Hoy os proponemos un extracto de un curso bastante amplio de meditación. Hemos seleccionado la parte que nos parece más interesante, que es la parte de la atención a la respiración. El autor, Antón Barón, es filósofo, investigador social, docente universitario y revisor y director de tesis de grado y postgrado. También es creador de contenidos y traductor de los antiguos textos budistas preservados en el “Canon Pali”. Por lo que es un documento muy valioso el que tenemos a nuestra disposición y esperamos que os sirva de ayuda.

 

Siéntese cómodo en su posición de meditación preferida, en el lugar propicio y la hora adecuada, que le aseguren pasar este periodo sin mayores disturbios. Prepárese para pasar en meditación unos veinte minutos (si es que ésta sea su primera experiencia en este tipo de meditación, en caso contrario, siéntase libre para prolongar este tiempo) dedicando a cada sección un espacio equitativo de unos cinco minutos. Cada cierta cantidad de días, digamos cada tres o cuatro días, si la práctica le resulta confortable, usted puede ir agregándole un minuto o dos a cada sección, de manera que al concluir este primer periodo de 12 días de la práctica de anapanasati su meditación llegue a tener una duración un poco mayor de media hora.
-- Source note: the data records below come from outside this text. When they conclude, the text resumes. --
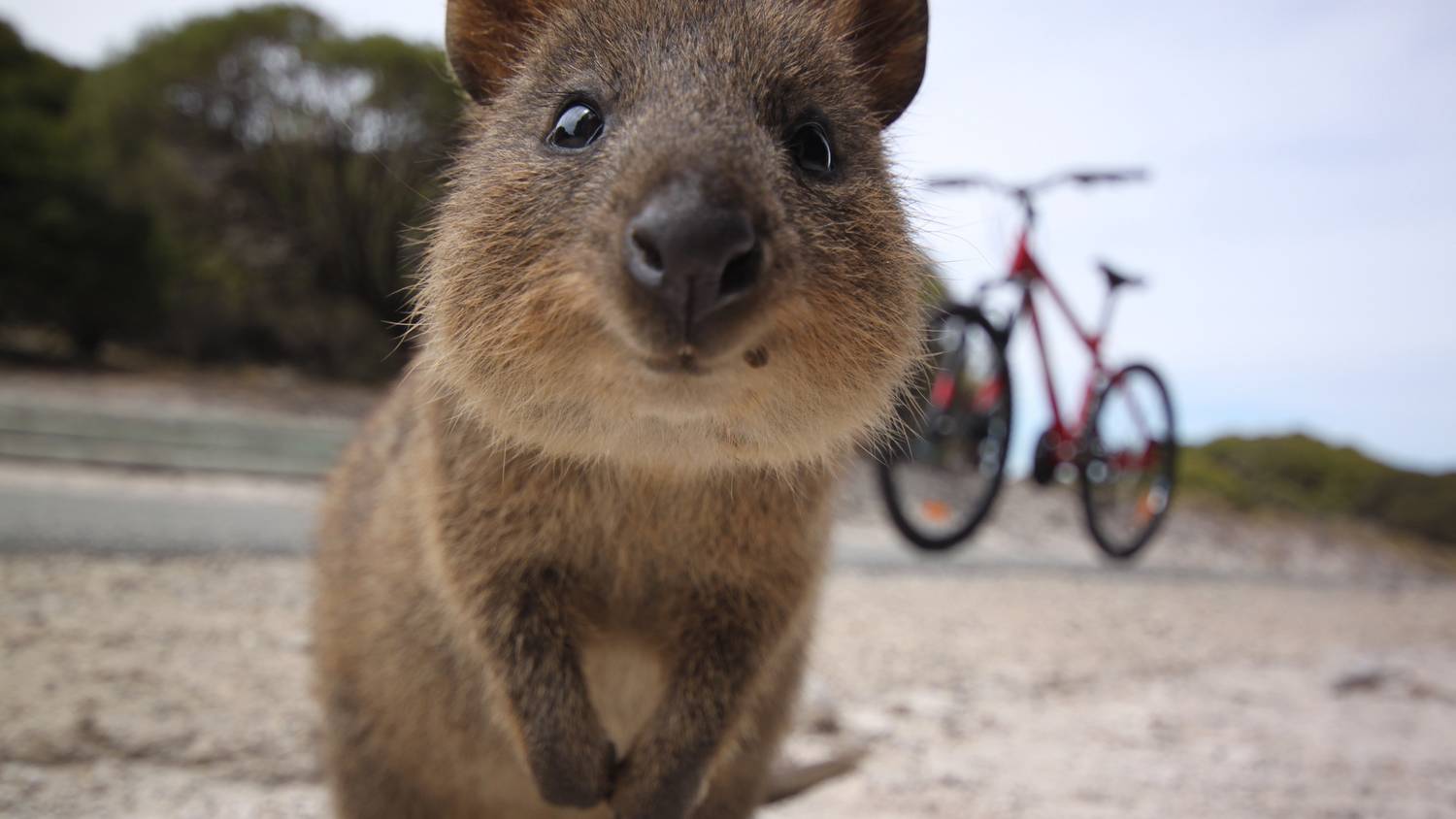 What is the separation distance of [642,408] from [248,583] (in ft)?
14.9

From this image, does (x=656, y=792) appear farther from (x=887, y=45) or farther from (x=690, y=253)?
(x=887, y=45)

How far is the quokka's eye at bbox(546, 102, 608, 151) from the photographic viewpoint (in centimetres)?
200

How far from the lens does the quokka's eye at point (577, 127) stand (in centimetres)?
200

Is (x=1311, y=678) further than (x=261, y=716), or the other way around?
(x=1311, y=678)

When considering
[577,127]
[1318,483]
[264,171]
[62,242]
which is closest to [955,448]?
[577,127]

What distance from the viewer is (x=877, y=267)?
6.55 ft

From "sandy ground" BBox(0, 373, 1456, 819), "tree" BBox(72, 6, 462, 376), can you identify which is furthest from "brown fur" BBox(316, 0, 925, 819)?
"tree" BBox(72, 6, 462, 376)

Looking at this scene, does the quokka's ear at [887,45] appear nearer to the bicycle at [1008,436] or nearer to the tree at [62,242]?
the bicycle at [1008,436]

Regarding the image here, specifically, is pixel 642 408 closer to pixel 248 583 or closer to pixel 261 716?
pixel 261 716

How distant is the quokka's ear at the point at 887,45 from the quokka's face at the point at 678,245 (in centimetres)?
3

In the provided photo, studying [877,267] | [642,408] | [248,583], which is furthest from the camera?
[248,583]

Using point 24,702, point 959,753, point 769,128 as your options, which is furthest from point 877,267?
point 24,702

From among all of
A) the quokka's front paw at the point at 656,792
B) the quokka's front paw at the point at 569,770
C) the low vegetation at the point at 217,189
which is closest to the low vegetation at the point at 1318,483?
the quokka's front paw at the point at 656,792

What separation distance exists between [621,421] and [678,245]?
0.48 metres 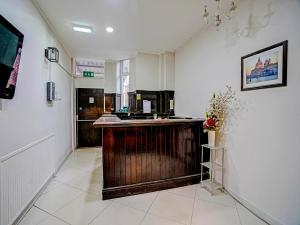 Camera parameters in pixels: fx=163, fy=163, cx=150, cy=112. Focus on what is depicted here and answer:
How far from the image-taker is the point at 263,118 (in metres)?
2.01

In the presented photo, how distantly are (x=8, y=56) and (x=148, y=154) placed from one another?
210 centimetres

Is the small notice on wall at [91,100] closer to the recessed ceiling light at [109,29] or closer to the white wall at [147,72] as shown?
the white wall at [147,72]

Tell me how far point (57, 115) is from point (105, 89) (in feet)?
8.52

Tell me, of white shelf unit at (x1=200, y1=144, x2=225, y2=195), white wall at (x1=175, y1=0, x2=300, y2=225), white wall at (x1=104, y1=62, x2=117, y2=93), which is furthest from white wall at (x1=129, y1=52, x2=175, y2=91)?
white shelf unit at (x1=200, y1=144, x2=225, y2=195)

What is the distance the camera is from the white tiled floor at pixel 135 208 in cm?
192

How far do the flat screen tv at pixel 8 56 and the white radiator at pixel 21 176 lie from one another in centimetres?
68

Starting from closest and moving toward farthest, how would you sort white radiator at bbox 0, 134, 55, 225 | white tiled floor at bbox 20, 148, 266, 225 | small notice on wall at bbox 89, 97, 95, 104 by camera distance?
white radiator at bbox 0, 134, 55, 225 → white tiled floor at bbox 20, 148, 266, 225 → small notice on wall at bbox 89, 97, 95, 104

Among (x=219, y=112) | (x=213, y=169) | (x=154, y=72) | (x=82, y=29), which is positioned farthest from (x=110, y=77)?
(x=213, y=169)

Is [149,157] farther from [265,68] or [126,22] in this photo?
[126,22]

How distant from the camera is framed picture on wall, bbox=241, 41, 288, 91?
1.78 meters

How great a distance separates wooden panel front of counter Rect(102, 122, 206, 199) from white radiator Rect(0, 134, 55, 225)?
942mm

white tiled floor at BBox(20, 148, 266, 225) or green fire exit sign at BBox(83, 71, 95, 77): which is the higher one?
green fire exit sign at BBox(83, 71, 95, 77)

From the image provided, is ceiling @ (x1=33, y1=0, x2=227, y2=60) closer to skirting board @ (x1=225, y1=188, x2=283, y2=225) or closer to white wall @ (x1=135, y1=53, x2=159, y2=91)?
white wall @ (x1=135, y1=53, x2=159, y2=91)

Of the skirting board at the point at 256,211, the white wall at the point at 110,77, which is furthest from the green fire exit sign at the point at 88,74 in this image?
the skirting board at the point at 256,211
Una vez sentado, tome conciencia de lo que está haciendo, de la postura física que adoptó, del lugar en el cual se encuentra. Trate de relajar sus músculos, con la mirada fija hacia adelante. Luego, cierre sus ojos y permita que todos los pensamientos relacionados con sus planes para el futuro o recuerdos del pasado vayan decreciendo y mueva la atención hacia su respiración.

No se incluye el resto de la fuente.